## PROBLEM TO WORK ON:
Beginning at the line that contains "For the width", reproduce the entries below exactly, ending with the line that contains "Hi everyone, this". Omit each picture.

## RECORDS SHOWN:
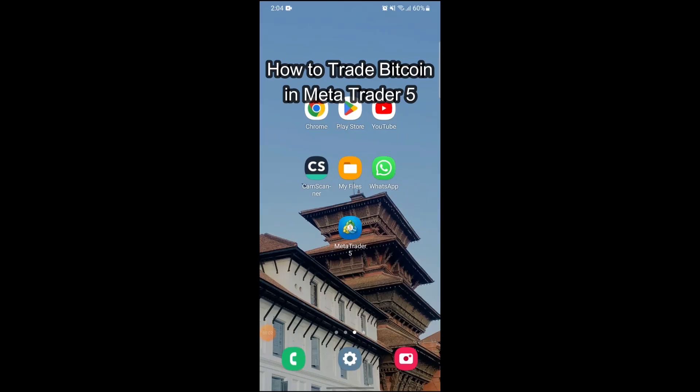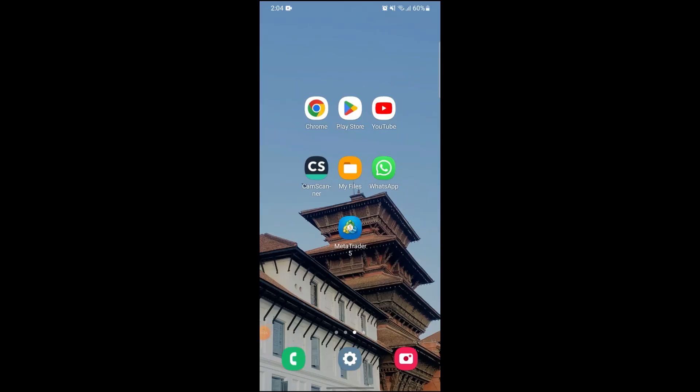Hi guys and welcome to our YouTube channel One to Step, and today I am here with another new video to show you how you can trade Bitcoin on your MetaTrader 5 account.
--
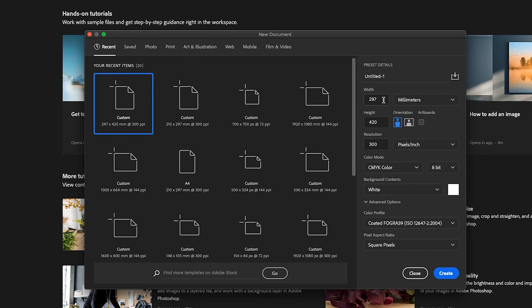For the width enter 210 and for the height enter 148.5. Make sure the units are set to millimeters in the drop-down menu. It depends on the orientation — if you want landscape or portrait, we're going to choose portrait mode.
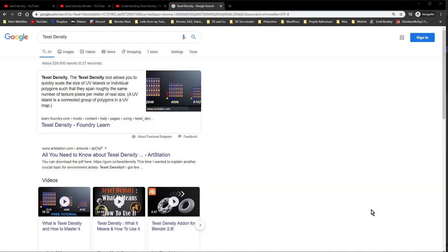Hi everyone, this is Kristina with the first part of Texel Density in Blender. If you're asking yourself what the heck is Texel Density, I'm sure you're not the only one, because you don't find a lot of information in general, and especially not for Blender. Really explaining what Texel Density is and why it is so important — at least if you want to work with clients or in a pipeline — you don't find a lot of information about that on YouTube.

## YOUR RESPONSE:
For the width enter 210 and for the height enter 148.5. Make sure the units are set to millimeters in the drop-down menu. It depends on the orientation — if you want landscape or portrait, we're going to choose portrait mode.
Hi everyone, this is Kristina with the first part of Texel Density in Blender. If you're asking yourself what the heck is Texel Density, I'm sure you're not the only one, because you don't find a lot of information in general, and especially not for Blender. Really explaining what Texel Density is and why it is so important — at least if you want to work with clients or in a pipeline — you don't find a lot of information about that on YouTube.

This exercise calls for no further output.